Para él, la historia de Juan Valero funciona como una invitación a revisar prioridades y detenerse en aquello verdaderamente relevante. “Lo importante son los sentimientos, las emociones y los vínculos sanos. Todo lo material no te lo llevás a ningún lado”, afirma.
Y concluye con una frase que parece resumir el espíritu de Paraíso: “Mucha gente pierde tiempo detrás de la zanahoria.

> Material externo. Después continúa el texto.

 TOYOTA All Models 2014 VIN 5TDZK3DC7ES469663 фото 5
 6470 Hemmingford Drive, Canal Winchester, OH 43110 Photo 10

Y en ese camino se pierde todo el amor que está recibiendo alrededor y no lo valora”.
La metáfora del trasplante de corazón aparece entonces como algo más que un recurso dramático. Tal como el propio Cáceres ha señalado alguna vez, la obra habla de segundas oportunidades y de la posibilidad de cambiar, de permitir que aquello que permanece oculto encuentre finalmente una forma de manifestarse.
Con humor, emoción y momentos de profunda sensibilidad, Paraíso propone un viaje hacia aquello que nos vuelve humanos. Y Luciano Cáceres, solo en escena, logra que cada espectador se haga una pregunta tan simple como incómoda: ¿qué pasaría si escucháramos más al corazón?